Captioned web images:
---*---

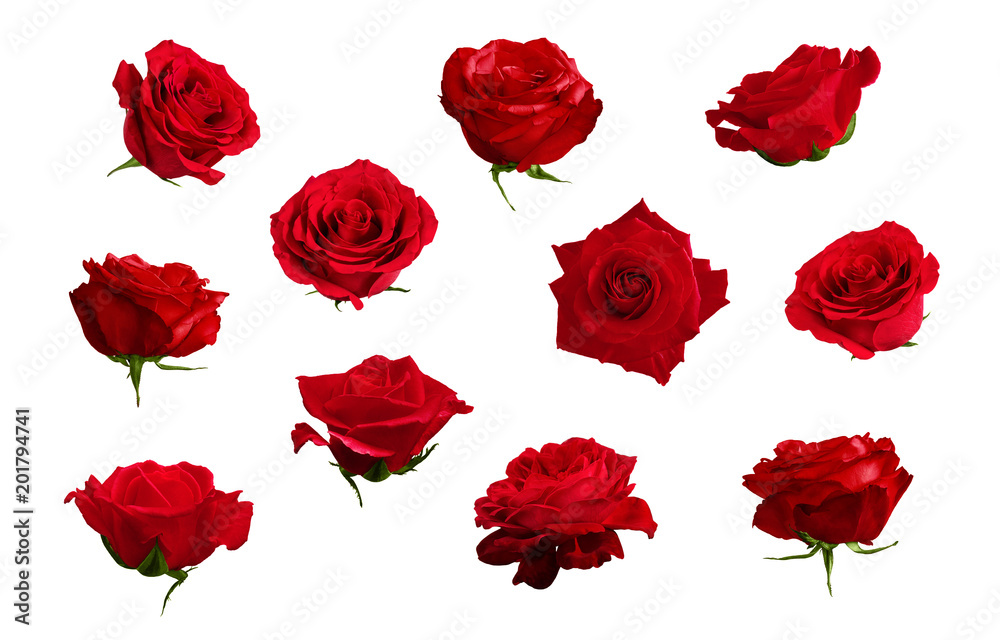 Set of beautiful red or scarlet roses. Isolated, white background. Set of beautiful red or scarlet roses. Isolated, white background.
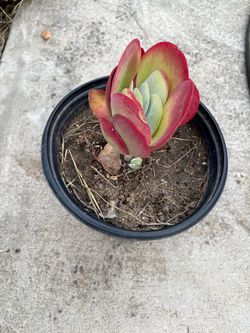 Beautiful Red & Green Paddle Plant Succulent – Kalanchoe Flapjack – Potted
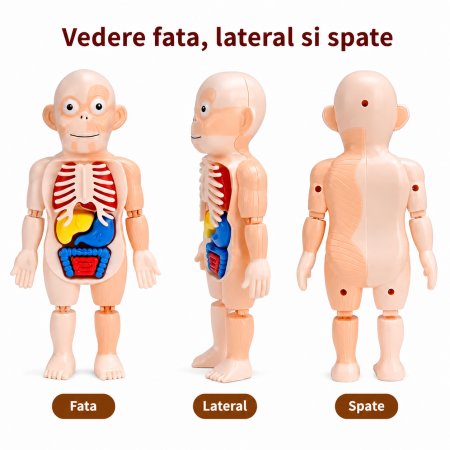 Jucarie educativa corp uman, model anatomic cu organe detasabile, 17 piese STEM [1]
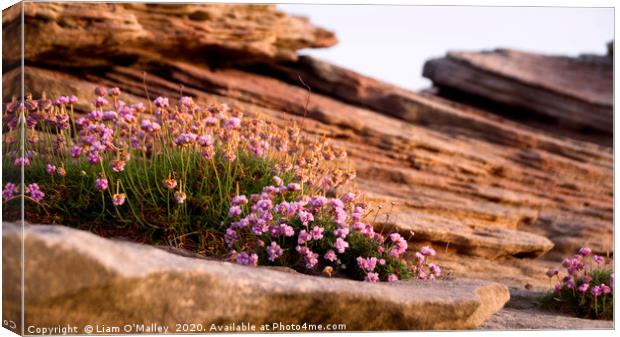 Thrift on the Hilbre Rocks Canvas Print by Liam Neon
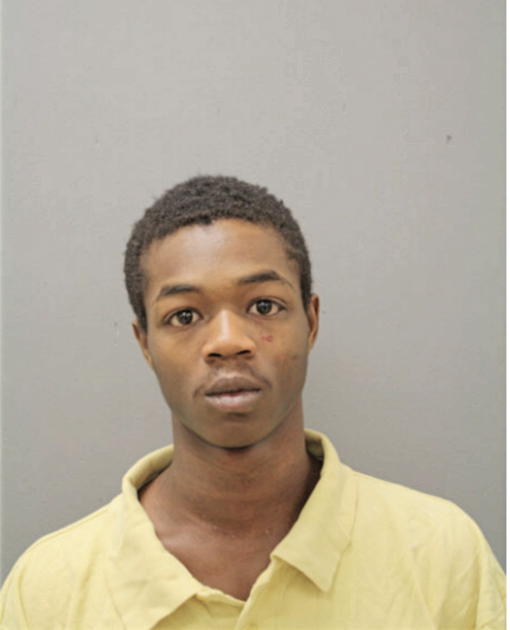 ROBBIE WILLIAMS, Cook County, Illinois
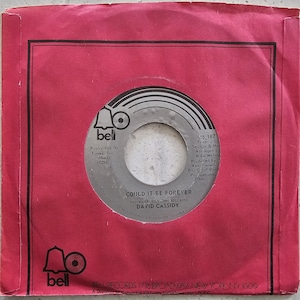 David Cassidy - Could It Be Forever / Blind Hope - Original 1972 US Import 7" | Build A Fantastic Vinyl Record Collection | FREE UK Delivery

---*---

GOAL OF THE EXERCISE: Each entry is to be returned as it stands, and each picture is to be left out.

ANSWER TO THIS TASK:
 Set of beautiful red or scarlet roses. Isolated, white background. Set of beautiful red or scarlet roses. Isolated, white background.
 Beautiful Red & Green Paddle Plant Succulent – Kalanchoe Flapjack – Potted
 Jucarie educativa corp uman, model anatomic cu organe detasabile, 17 piese STEM [1]
 Thrift on the Hilbre Rocks Canvas Print by Liam Neon
 ROBBIE WILLIAMS, Cook County, Illinois
 David Cassidy - Could It Be Forever / Blind Hope - Original 1972 US Import 7" | Build A Fantastic Vinyl Record Collection | FREE UK Delivery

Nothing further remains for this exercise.